- Location in Salamanca
- Sanchón de la Ribera Location in Spain
- Coordinates: 41°5′16″N 6°24′28″W﻿ / ﻿41.08778°N 6.40778°W
- Country: Spain
- Autonomous community: Castile and León
- Province: Salamanca
- Comarca: Vitigudino
- Subcomarca: La Ramajería

Government
- • Mayor: Juan Antonio Holgado Sánchez (People's Party)

Area
- • Total: 29 km^{2} (11 sq mi)
- Elevation: 735 m (2,411 ft)

Population (2025-01-01)
- • Total: 66
- • Density: 2.3/km^{2} (5.9/sq mi)
- Time zone: UTC+1 (CET)
- • Summer (DST): UTC+2 (CEST)
- Postal code: 37217

= Sanchón de la Ribera =

Sanchón de la Ribera is a municipality located in the province of Salamanca, Castile and León, Spain. As of 2016 the municipality has a population of 78 inhabitants.

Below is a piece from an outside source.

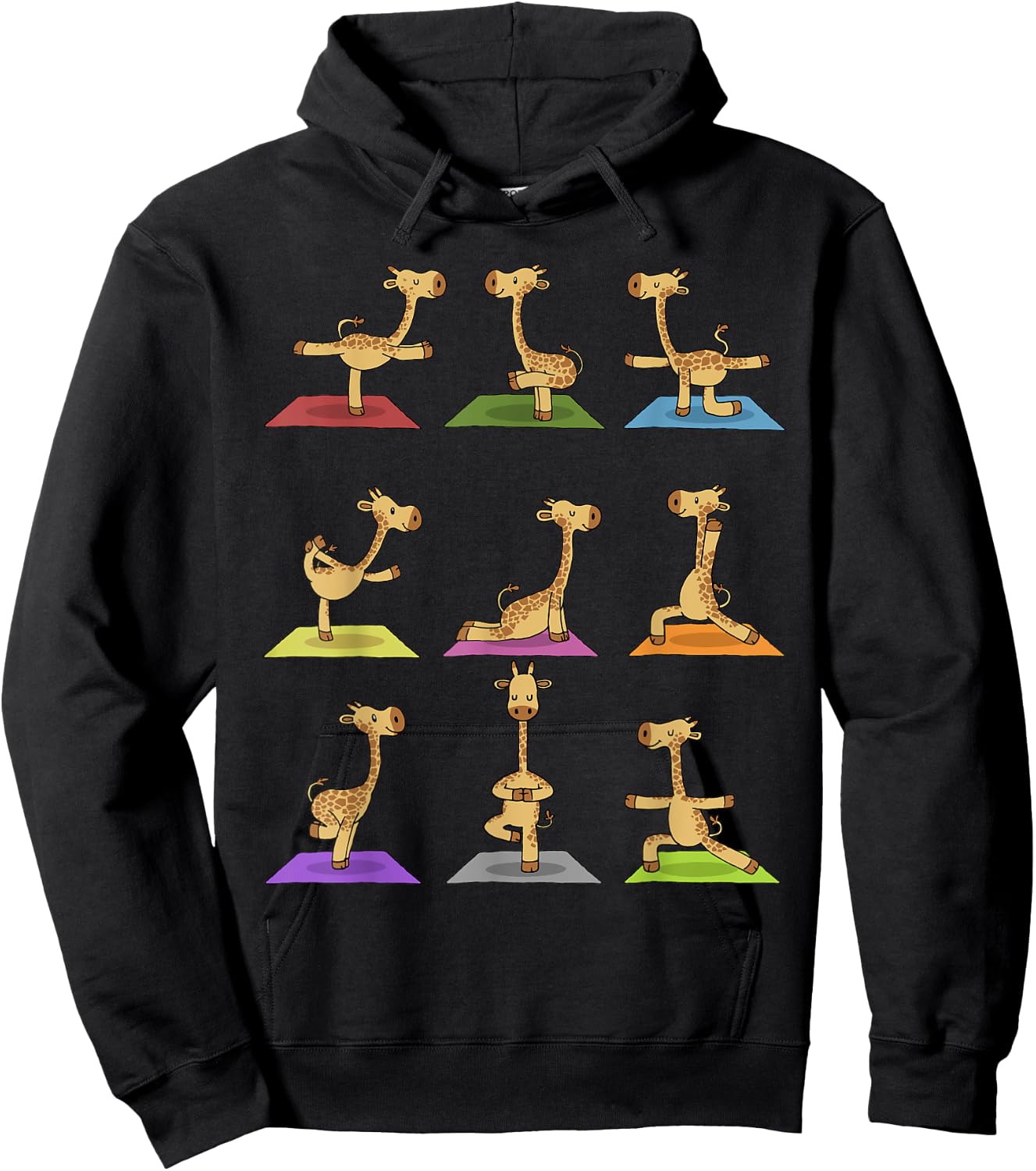 Giraffe Yoga Funny Giraffes In Yoga Poses Sports Hoodie - Hoodie | Black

It belongs to the subcomarca of La Ramajería, a rural area formed by meadows known as 'curtains' and in which popular architecture stands out for having a high degree of conservation. The small farmhouse occupies a hillside on the edge of a small stream that runs around nearby. The land is surrounded by pastures and oak forests.

The town was founded during the repopulation of the Leonese kings between the 10th and 12th centuries and the parish church is preserved from its past under the title of Saint Christopher, patron saint of the place. On the outskirts is the Hermitage of Humilladero, a small 17th-century building with a single nave and which houses the image of the Holy Christ of Mercy, of great devotion among the inhabitants. An old mill, now demolished, on the banks of the Vado, informs us of old activities that are no longer in use.

About 20 kilometers away is the Arribes del Duero Natural Park, a natural space where you can go hiking, among other activities.